Is this another attack against religious freedom? The “Freedom From Religion Foundation.” In his article “Clergy Housing Tax Break Declared Unconstitutional – Everything You Want to Know and More,” Peter J. Reilly reported,
“On November 22, 2013, Judge Barbara Crabb ruled that Internal Code Section 107(2) which exempts from income tax amounts, designated as housing allowances, paid to ‘ministers of the gospel’ is unconstitutional.”
Crabb ruled in favor of the “Freedom from Religion Foundation” and its atheist presidents, Annie Laurie Gaylor and Dan Barker. Sadly, some “pastors” have taken advantage of this, and have built huge tax-free homes from the selling of books and being the head of a congregation, congregations, or a whole denomination.
What would happen to churches if this tax-exemption were removed? The writer of the Forbes’s article above, Reilly, rightly noted in 2011 (“Work, Fight and Pray – Vestige of the Medieval in Our Tax Code“),
“When it comes to housing, it would seem that Section 119 is sufficient. If your employer provides you with a place to live, so that you will be near at hand, the value of that place to live is excludable from your gross income. If that place happens to be a room in a hotel for the manager, a rectory or fifteen square feet on a nuclear submarine, the principle is the same. That’s not the way it is, though.
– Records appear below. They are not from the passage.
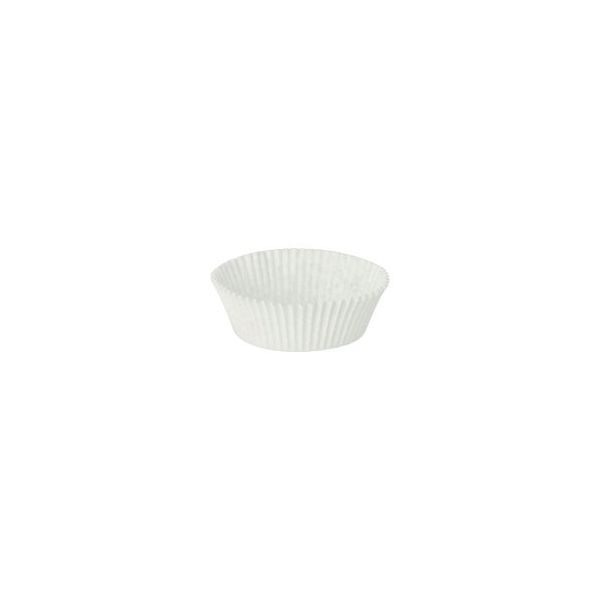 Backförmchen rund Ø 5,5 cm · 2,5 cm weiss - Bild 1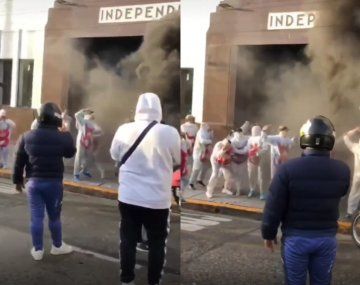 El fantasma de la B llegó a la sede de Independiente: la dura cargada de Racing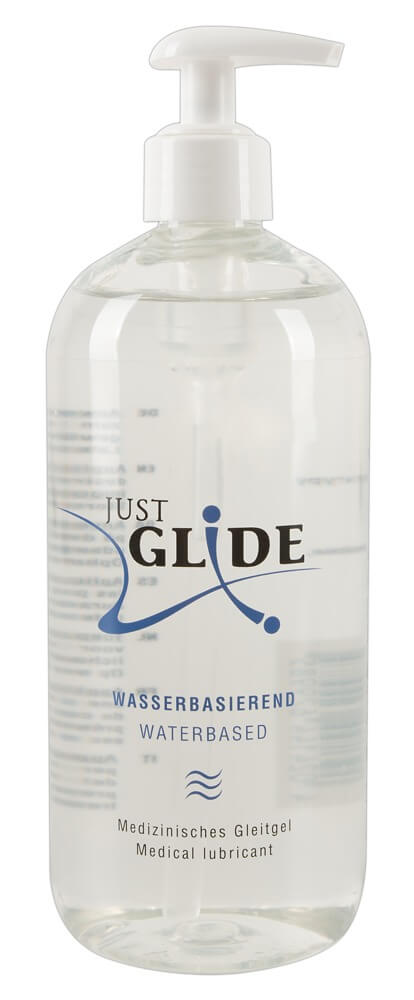 Just Glide waterbased 500ml, vodný lubrikačný gél s pumpičkou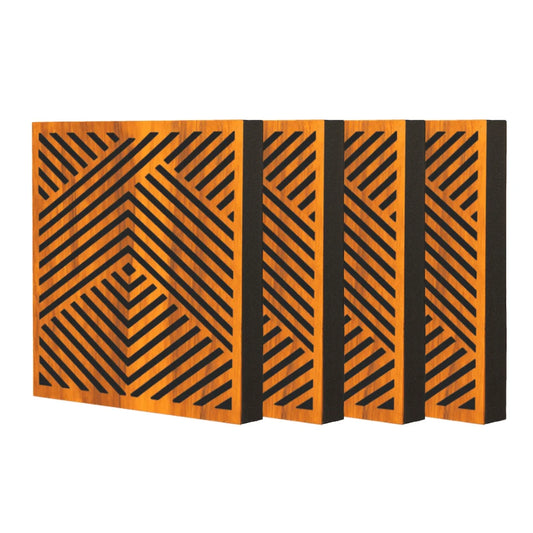 Timber Foam Acoustic Panels (1ft x 1ft x 25mm), Set of 4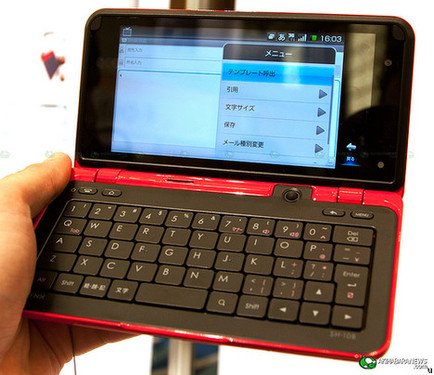 夏普首款Android 夏普SH-10B再次现身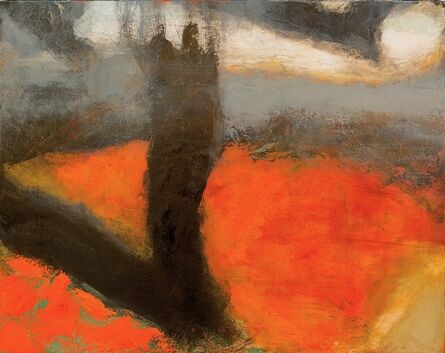 Hughie O'Donoghue, ‘Crows Above a Grain field II, Red Light’, 2018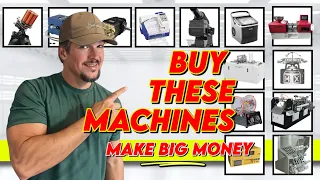 25 Profitable MACHINES to start a BUSINESS with LITTLE MONEY from HOME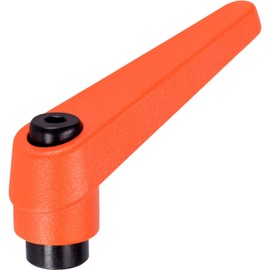 Halder 24400.0121 Adjustable Clamping Lever, Orange, D1 14 mm/D2 – M6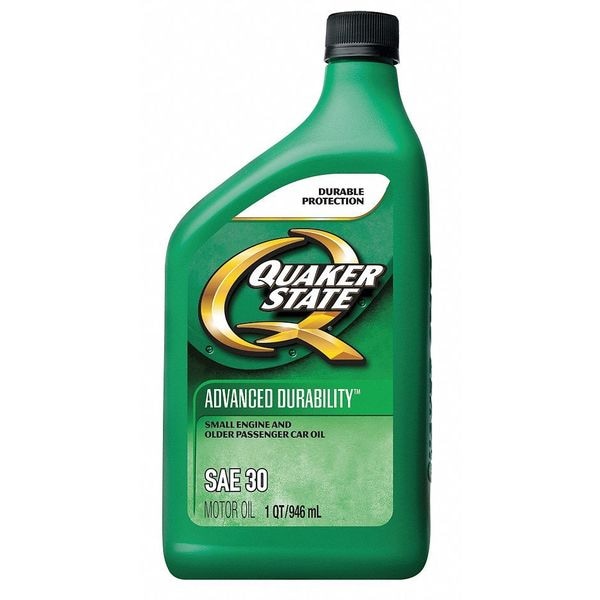 Quaker State Engine Oil, 30W, HeavyDuty, 1 Qt. 550035190 Zoro
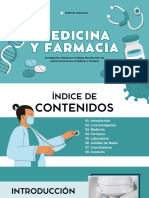 Presentación Diapositivas Medicina y Farmacia Ilustrado Verde y Blanco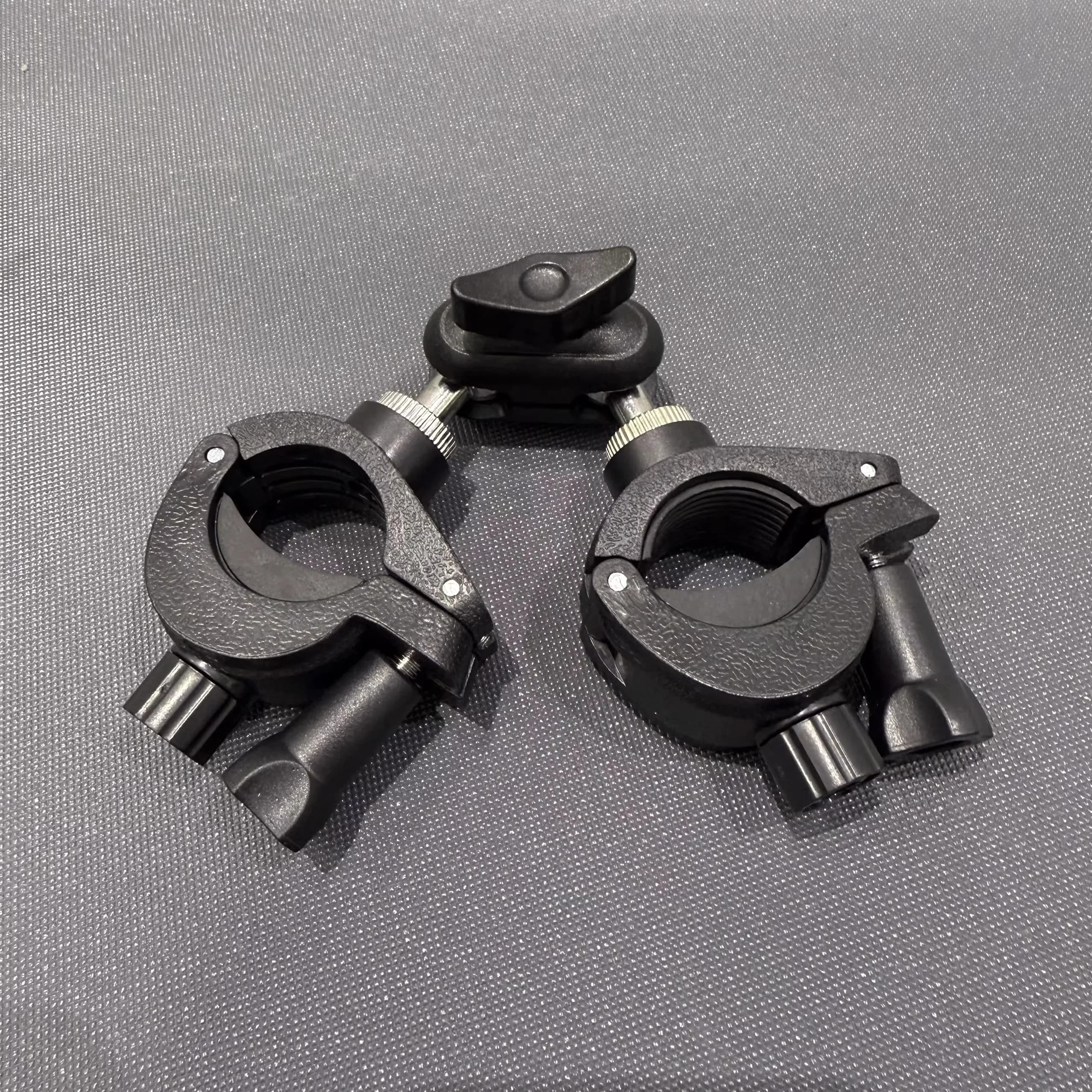360 Degree Round Tube Clamp Machine Position Multiple Tripod Fixed Buckle Bracket Clamp for Additional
The military and the clergy are special. Since at least historically, housing tended to go with their jobs, monetary allowances paid in lieu of actual housing are exempt from tax.”
In stead of placing a cap on the ministers’ housing-allowances, a few have made war on religion claiming that these benefits are unfair. Yet, they conveniently forget that “ministers of the gospel” are also excluded from certain non-profit tax benefits like the forgiveness of student loans and work earned income credit while other religions are allowed.
Is this another attack against religious freedom? Yep. No matter what the courts decide, churches will simply purchase and provide their ministers’ homes, and thus make their housing tax-exempt. That is why so many ministers have previously lived in housing provided by their congregations, and this is why there is a tax exemption for ministers. In the end, these atheists do not appear to see that they are wasting their time. Either way, smaller and working-class churches will provide housing for their ministers, and ministers will continue legally avoiding this tax. Churches will continue to support other charities and non-profits that they will essentially pay no additional taxes. Their ministers may soon be volunteers from those non-profit organizations. “Even so the Lord has commanded that those who preach the gospel should live from the gospel” (1 Cor 9:14; cf. 9:1–18). These attacks against the Christian faith are fruitless. Even when they start throwing ministers in prison for “bigotry” and fining churches, the attention that they will give will cause faith in Christ to thrive.